Translate

Jumat, 01 November 2013

DELIK KESUSILAAN

DELICT KESUSILAAN PENERAPAN PASAL 293 KUH PIDANA.
Abstrak Hukum:
Dari putusan MA-RI tersebut diatas dapat dicatat  “Abstrak hukum” demikian:
“Rayuan Pria berupa janji untuk mengawini si gadis, sehingga sigadis bersedia digauli oleh pria ini, adalah merupakan suatu perbuatan yang dinilai telah memenuhi salah satu unsur ex pasal 293 (1) KUHPidana berupa: menyalahgunakan kelebihan (pengaruh)………. Dan seterusnya. 

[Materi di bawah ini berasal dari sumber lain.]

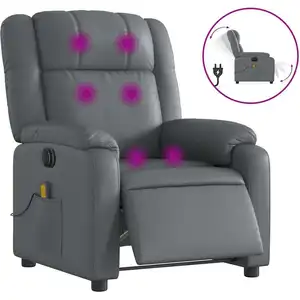 vidaXL Massagesessel Elektrisch Grau Kunstleder günstig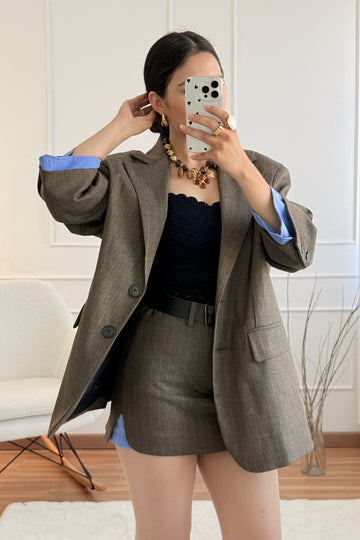 Blazer tecido riscado LUMINA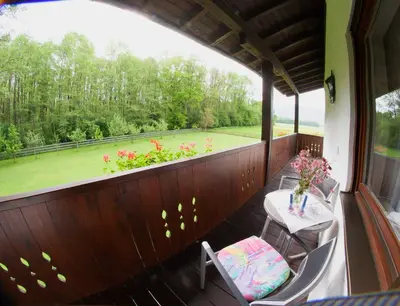 Ein Garten an der Unterkunft Haus Waldesruh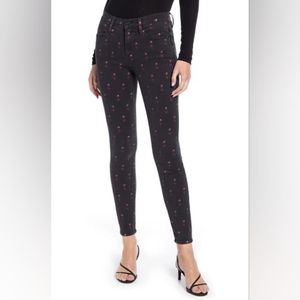 Frame Le High Skinny Heart Jeans in Black Washed Heart Print Size 30‎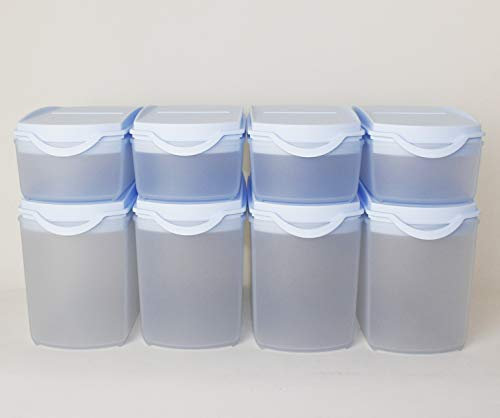 TW Tupperware Eidgenosse Plus Lot de 4 boîtes de 1,0 l + 4 bouteilles de 350 ml Bleu clair + 1,2 l Coin rafraîchissant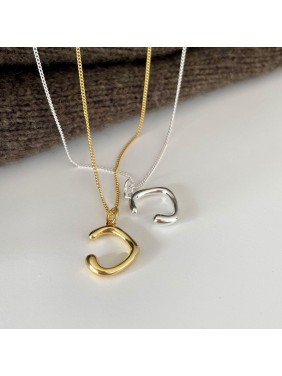 Simple Letter C 925 Sterling Silver Necklace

Pengadilan Negeri Manado: No. 168/Pid.S/1986, tgl. 24 Juni 1986.
Mahkamah Agung RI: No. 1330.K/Pid/1986, tanggal 22 Desember 1988. (Majalah Hukum Varia Peradilan Tahun IV, No. 45. Juni 1989; hal. 63).

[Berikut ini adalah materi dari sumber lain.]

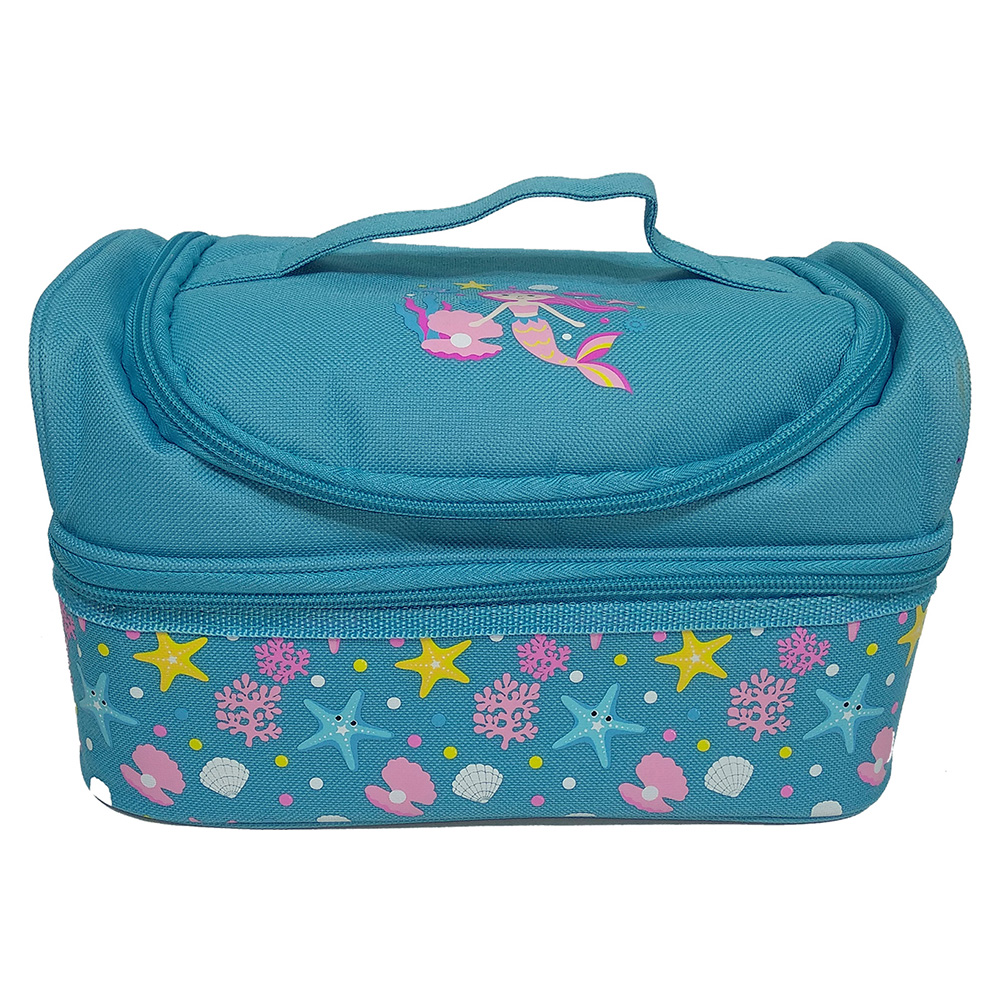 Smily Dual Slot Lunch Bag - Light Blue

PROBLEMA JURIDIS PENERAPAN DELICT ZINA
      Abstrak Hukum:
Bahwa dalam menghadapi kasus “perbuatan zinah” ex pasal 284 KUHP, Hakim pertama dengan mendasarkan dirinya pada putusan MA RI No. 561.K/Pid/1982, serta putusan MA RI pada tahun berikutnya, telah diputuskan bahwa Pengaduan dan dakwaan jaksa ex pasal 284 KUHP adalah “tidak dapat diterima” dan menjadi “batal” bilamana hal tersebut tidak diikuti dengan gugat perceraian antara suami-istri yang bersangkutan. (Vide Putusan MA RI No. 1080.K/Pid/1987 tgl 21 september 1989 Varia Peradilan No. 59).
Bahwa pendirian MA tersebut diatas nampaknya sudah mulai ditinggalkan. Hal mana ternyata dalam putusannya terhadap perkara yang dihadapinya sekarang ini, yang berpendirian sebagai berikut:
- Bahw pasal 284 KUHP berlaku juga bagi seorang suami yang tidak tunduk pada pasal 27 BW.
- Untuk dapat “diindahkannya pengaduan” ex pasal 284 KUHP, tidak berarti harus terlebih dulu ada perceraian perkawinan antara suami-istri yang bersangkutan.  
Dari putusan MA RI terhadap kasus yang diselesaikan sekarang ini, kita dapat menarik “Abstrak hukum” yang intinya demikian: bahwa pengaduan suami isteri satu terhadap lainnya, karena dakwaan melakukan perbuatan zina, untuk dapat diindahkannya pengaduan tersebut, tidak harus diikuti dengan tindakan perceraian perkawinan sebelumnya.
Bahwa putusan MA RI terakir ini menunjukkan adanya perobahan pendirian terhadap kasus perzinahan yang pernah diputus pada tahun-tahun sebelumnya.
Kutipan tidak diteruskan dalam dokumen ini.